La Cour constitutionnelle de Taïwan maintient la peine de mort
La plus haute cour de Taïwan a confirmé vendredi la constitutionnalité de la peine de mort, tout en jugeant qu'elle devait être limitée à "des circonstances spéciales et exceptionnelles".
La Cour constitutionnelle avait été saisie par un groupe de condamnés à mort, auxquels s'étaient joints l'organisation Amnesty International et la Coalition mondiale contre la peine de mort.
Les demandeurs soutenaient que la peine capitale constituait une violation des droits fondamentaux protégés par la Constitution, dont le droit à la vie et le droit de ne pas subir de tortures ou d'actes cruels, inhumains ou dégradants.
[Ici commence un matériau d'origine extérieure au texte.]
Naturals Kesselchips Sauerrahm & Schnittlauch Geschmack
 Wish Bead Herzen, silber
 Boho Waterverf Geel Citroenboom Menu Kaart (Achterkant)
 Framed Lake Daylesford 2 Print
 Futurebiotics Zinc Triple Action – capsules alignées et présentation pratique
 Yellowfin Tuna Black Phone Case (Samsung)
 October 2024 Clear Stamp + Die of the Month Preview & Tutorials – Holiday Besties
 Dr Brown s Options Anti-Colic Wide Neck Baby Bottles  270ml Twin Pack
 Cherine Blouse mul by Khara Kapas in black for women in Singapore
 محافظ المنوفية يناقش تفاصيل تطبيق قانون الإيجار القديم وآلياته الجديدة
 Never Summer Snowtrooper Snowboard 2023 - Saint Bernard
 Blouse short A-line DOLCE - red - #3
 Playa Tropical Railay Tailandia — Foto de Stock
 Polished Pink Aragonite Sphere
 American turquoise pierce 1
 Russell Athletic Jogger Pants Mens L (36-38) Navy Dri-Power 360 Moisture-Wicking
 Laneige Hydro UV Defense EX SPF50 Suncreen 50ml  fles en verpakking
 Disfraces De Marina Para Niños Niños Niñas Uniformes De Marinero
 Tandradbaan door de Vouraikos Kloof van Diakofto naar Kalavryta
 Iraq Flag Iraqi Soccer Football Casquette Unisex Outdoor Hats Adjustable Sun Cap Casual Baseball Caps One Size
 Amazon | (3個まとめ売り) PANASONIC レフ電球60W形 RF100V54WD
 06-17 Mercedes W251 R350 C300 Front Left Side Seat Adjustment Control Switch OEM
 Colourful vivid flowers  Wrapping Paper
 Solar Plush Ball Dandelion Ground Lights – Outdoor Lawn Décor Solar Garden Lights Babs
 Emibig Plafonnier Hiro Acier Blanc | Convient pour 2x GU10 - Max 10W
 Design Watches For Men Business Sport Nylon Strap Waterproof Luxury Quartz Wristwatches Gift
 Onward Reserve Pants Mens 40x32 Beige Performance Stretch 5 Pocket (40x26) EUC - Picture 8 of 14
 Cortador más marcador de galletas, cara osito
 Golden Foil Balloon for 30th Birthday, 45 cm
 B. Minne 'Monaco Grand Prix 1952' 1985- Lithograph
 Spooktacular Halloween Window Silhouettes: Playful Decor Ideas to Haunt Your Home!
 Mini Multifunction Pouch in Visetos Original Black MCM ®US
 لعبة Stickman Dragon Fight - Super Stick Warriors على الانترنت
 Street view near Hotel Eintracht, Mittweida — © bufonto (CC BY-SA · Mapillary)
Une décision de la Cour favorable aux plaignants aurait signifié l'abolition immédiate de la peine capitale dans l'île, où 35 exécutions ont eu lieu depuis la levée d'un moratoire en 2010.
Mais dans un arrêt lu en public par son président Hsu Tzong-li, la Cour a confirmé la constitutionnalité du châtiment suprême, qui à Taïwan s'exécute en tirant une balle de pistolet à hauteur du coeur, dans le dos du condamné allongé sur le ventre et sous anesthésie générale.
"Le droit à la vie doit être protégé au plus haut niveau en vertu de la Constitution. Cependant, une telle protection n'est pas absolue", a-t-elle statué.
La Cour a toutefois précisé que le champ d'application de la peine de mort "doit être limité à des circonstances spéciales et exceptionnelles".
Elle a aussi jugé que la peine de mort ne pouvait être prononcée contre les accusés atteints de troubles mentaux, "même si leur santé mentale n'a pas eu d'influence sur leur crime".
La porte-parole la présidence, Karen Kuo, a qualifié cette décision de "jalon important pour le système judiciaire taïwanais".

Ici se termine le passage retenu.